Wrap your fillets in foil with a dab of real butter and some sprigs of fresh herb. I use chives, basil, and thyme.

The thyme plant was just labeled "thyme" but it smells like lemons, so it's not regular thyme.

Bake until the fish is done through, or put it on the barbecue until the fish is done.


----------



## stef (Sep 14, 2002)

Simple Shrimp and Fish Soup 007 by sock shot, on Flickr
If a simple fish soup/chowder appeals to you here's a shrimp and tilapia soup I make. The basics are potato, carrot, onion, celery, green onion, a handful of frozen peas, some easy peel shrimp and about 8 ounces of tilapia. You can use chicken broth or water for the liquid. 

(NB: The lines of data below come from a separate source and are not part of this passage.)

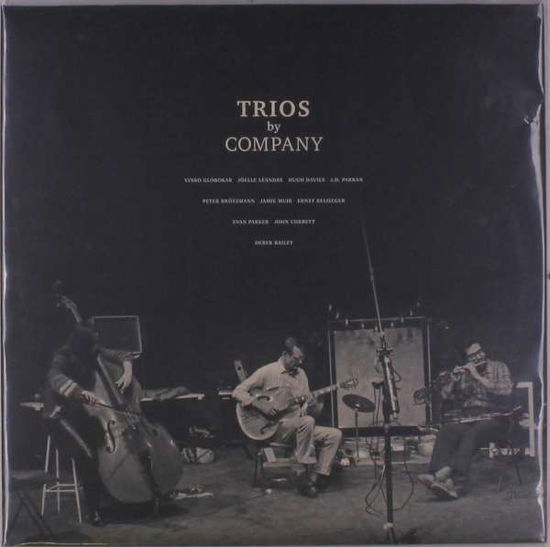 Trios - Company - Musik - Proper - 0769791975606 - 13 december 2019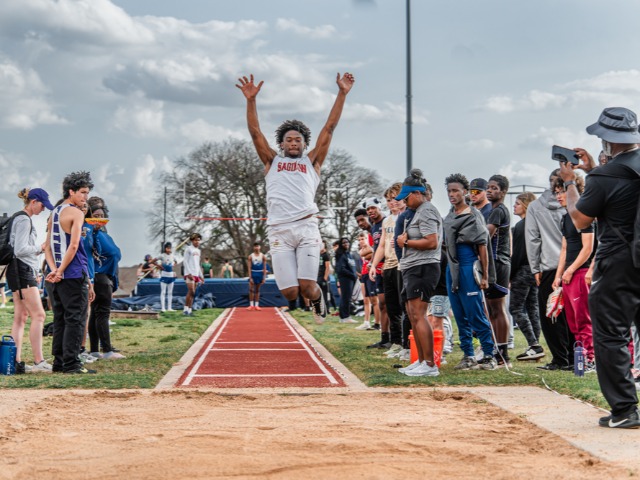 Saginaw starts off strong at season opener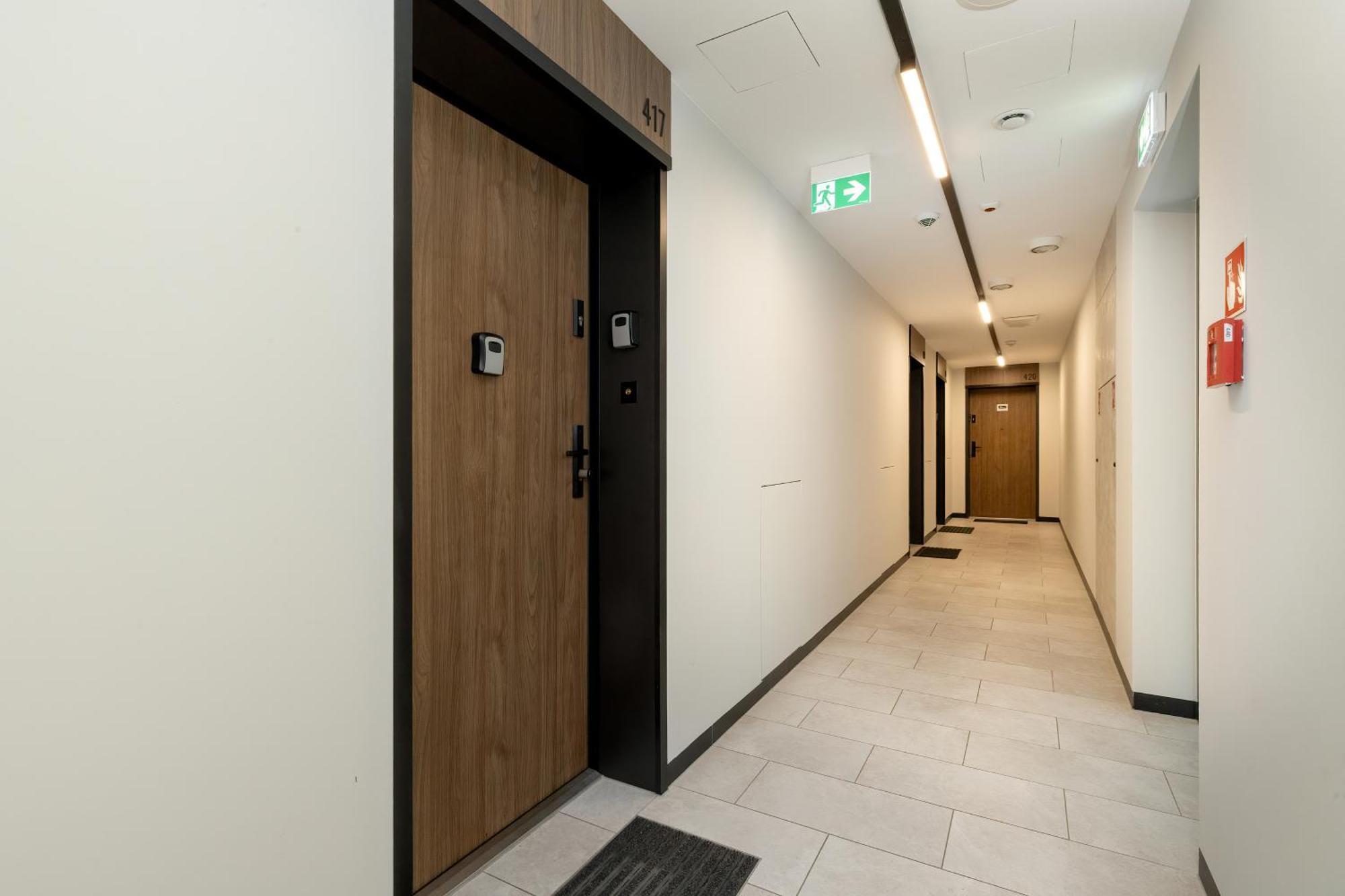 Gdansk Przymorze Pretty Studios & Pets Allowed By Noclegi Renters Exterior foto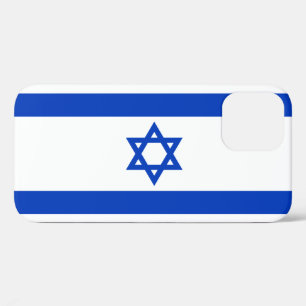 Israel-Flagge Case-Mate iPhone Hülle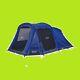 Berghaus Adhara 500 5 Person Nightfall Tent With 2 Darkened Bedrooms Rp £600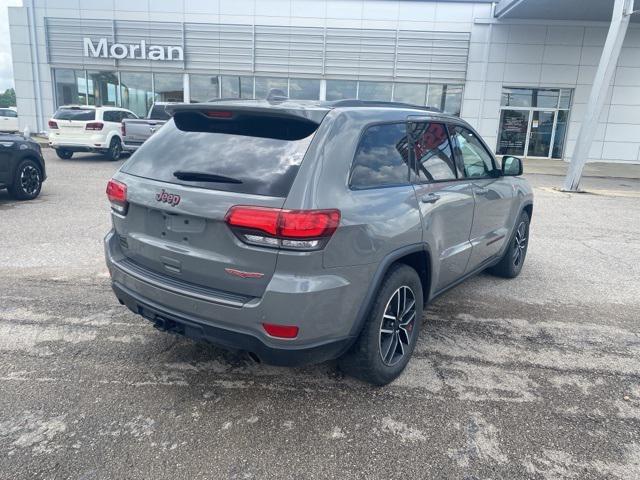 used 2020 Jeep Grand Cherokee car, priced at $21,900
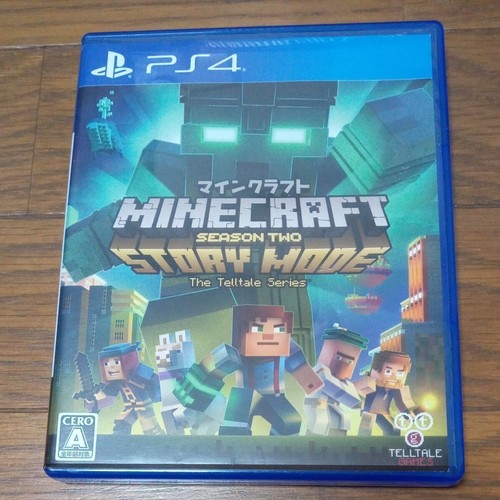 Minecraft story mode saison - story, 2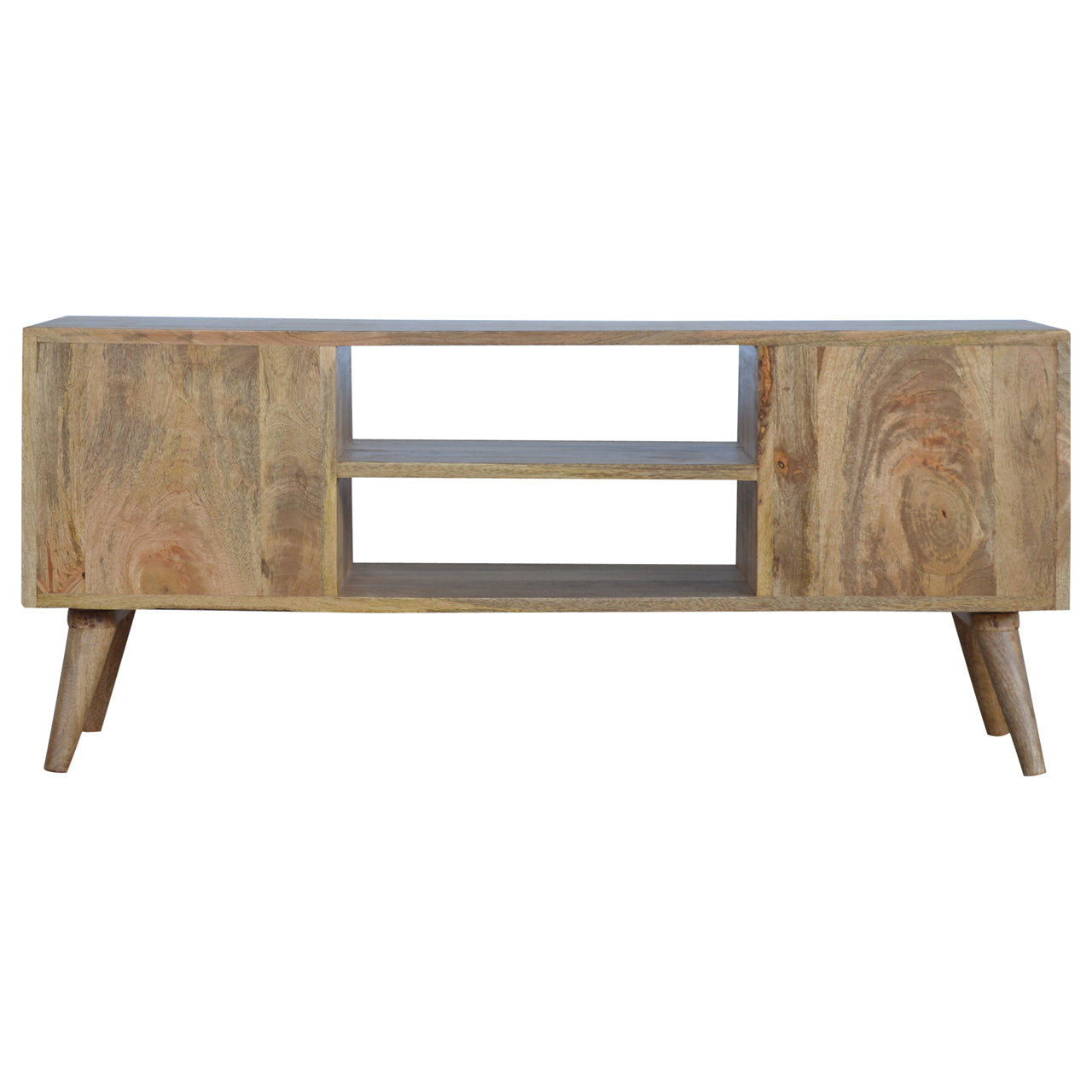 Mango Wood Entertainment Unit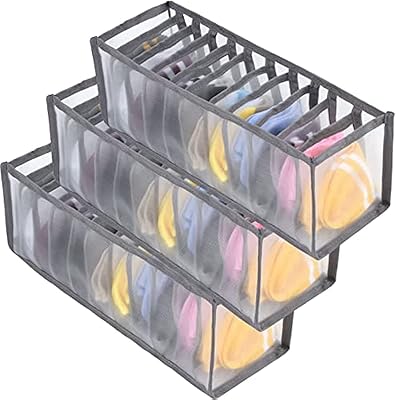 Storage boxes for bras and underwear separating nylon drawer.. DIAYTAR NIGERIA: Where thousands of products meet affordable prices and reliable 5-8 day delivery.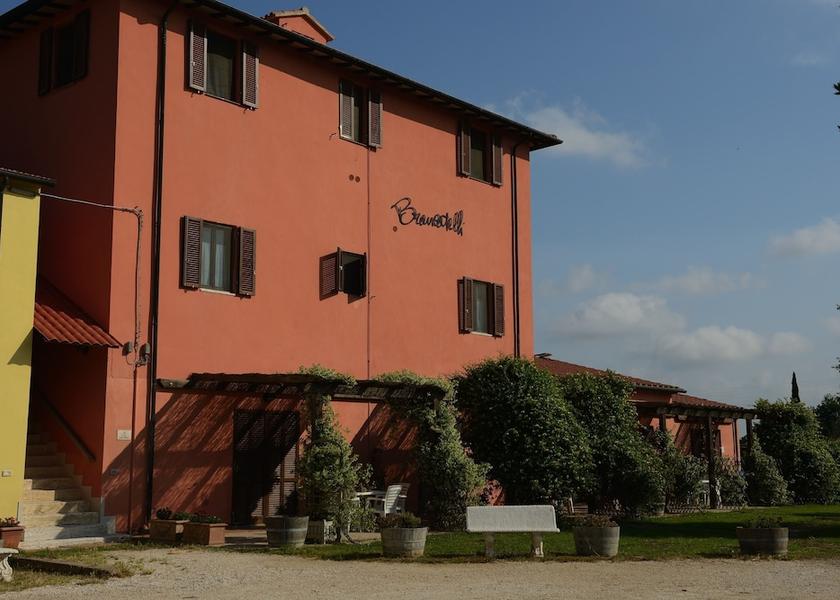 Tuscany Piombino Exterior Detail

Saute the onion, celery and carrot in one tablespoon of light olive oil until slightly soft. Add the broth or water and potato. Cook until the potato is tender. Add the fish, shrimp, peas and diced green onion. Cook an additional 5 minutes.
Season to taste with salt and peppr, and I like to add a pinch of turmeric. (That's what gives the soup a slight yellow gold color).It goes well with seafood. 

This tastes good without the shrimp, too.


----------



## Raven12 (Mar 5, 2011)

stirfamily said:


> We eat a lot of Cod here and use Mr. Food's recipe for batter from his onion ring recipe. Better than Long John Silvers!


I second the Cod for someone who doesn't like fish. Buy the best quality piece of fish.


----------



## frogmammy (Dec 8, 2004)

What I do for baked Cod, Talapia...any white fish, basically....spray/grease large piece alum foil. Place fish on foil. Then on the fish, pile/place your choice of topping:
sliced onions
sliced fresh oranges, grapefruit, or limes (peal removed)
canned (choices above)
butter & garlic
Sliced thin apples, pears
lightly spread BBQ sauce, or picante sauce, or salsa
Nice heavy layer of fruit cocktail straight from the can
Bring foil around fish leaving plenty of room at top for steam and crimp edges of foil. Place in oven @ about 425 until done.

Mon


----------